All three British athletes progressed in the men’s 400m too – Martyn Rooney dominating his heat to clock 45.48 for the second quickest time of the first round behind Russia’s 2010 European 4x400m relay gold medallist Maksim Dyldin with 45.45. Matt Hudson-Smith, who clocked a big PB to dip under 45 seconds at the Sainsbury’s Glasgow Grand Prix last month and then anchored England to 4x400m gold at the Commonwealth Games, won his heat in 46.07.
“There’s a lot more in there,” Hudson-Smith said after his race. “It’s just about getting through the rounds.”
Conrad Williams ran 45.90 to finish third in his heat behind Poland’s Jakub Krzewina, who improved from a previous best of 46.51 from 2011 to clock 45.11 twice this year. He ran 45.68 on Tuesday ahead of Ricardo Dos Santos with a 45.81 Portuguese record to run sub-46 seconds for the first time.
Laura Weightman and Hannah England both secured their spots in Friday’s 1500m final alongside the likes of favourites Sifan Hassan of Netherlands and Sweden’s Abeba Aregawi, though Laura Muir was unable to make up for the disappointment of missing out on a medal at a home Commonwealth Games as she finished sixth in the first heat and her time of 4:14.69 wasn’t enough for her to progress as a fastest loser.

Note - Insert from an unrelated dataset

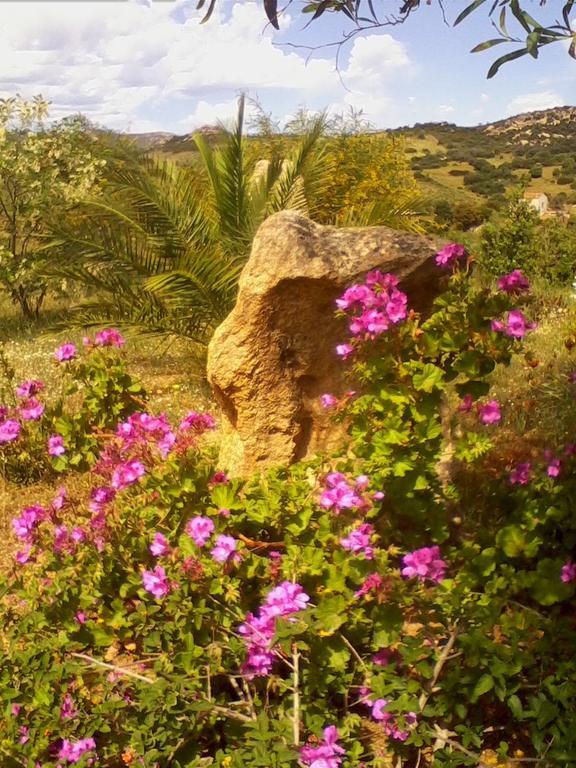 Farm Stay Gli Oleandri Loiri Porto San Paolo Esterno foto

World bronze medallist Tiffany Porter managed 12.69 into a 2.0 m/sec headwind to win the final 100m hurdles heat and later said how the mark is encouraging given that the run felt “pretty easy”. French record-holder Cindy Billaud won her heat in 12.75 (-1.5). Over in the men’s 400m hurdles and Britain’s Niall Flannery, Seb Rodger and Tom Burton all advance along with the likes of Rasmus Mägi, Thomas Barr and Denis Kudryavtsev who like Flannery have all dipped under 49 seconds this season.
One of the favourites for a medal in the men’s steeplechase, Victor Garcia, suffered a nasty fall in his heat and knocked himself unconscious after his knee hit the final barrier and he crashed heavily on to the track. He had looked ready to claim one of the five automatic qualifying spots in that first heat, too, with Britain’s James Wilkinson’s European hopes also coming to an end – his 8:39.78 marginally not enough for a fastest loser spot. Poland’s Mateusz Demczyszak went the quickest with 8:31.62.

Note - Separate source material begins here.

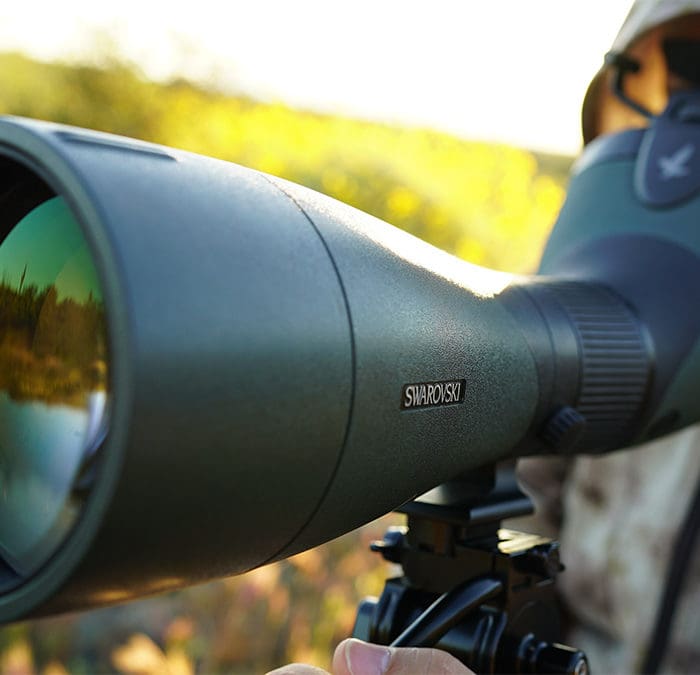Swarovski BTX Eyepiece Review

Shot favourite David Storl of Germany cruised through to the next round of the competition along with the likes of Poland’s Tomasz Majewski. Lisa Ryzih from Germany, Ekaterini Stefanidi from Greece and Anzhelika Sidorova from Russia are the only three European pole-vaulters to have cleared 4.70m outdoors this year and they all progressed to Thursday’s final. Britain’s Julian Reid leapt a best of 16.52m in triple jump qualifying but he dropped to 13th to miss a place in final on countback as Russia’s Lyukman Adams went furthest with 16.97m.

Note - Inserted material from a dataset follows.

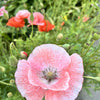 100 MOTHER Of PEARL POPPY Mix Papaver Rhoeas Shirley Flower Seeds Mixed Colors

Germany’s Arthur Abele leads the decathlon after three events with 2644 points after a 10.90 100m, 7.55m long jump PB and 15.39m PB in the shot. He currently leads a German one-two as behind him Kai Kazmirek sits on 2626 points. Britain’s Ashley Bryant, competing fresh from his Commonwealth silver in Glasgow, is 16th after three events with 2400 points.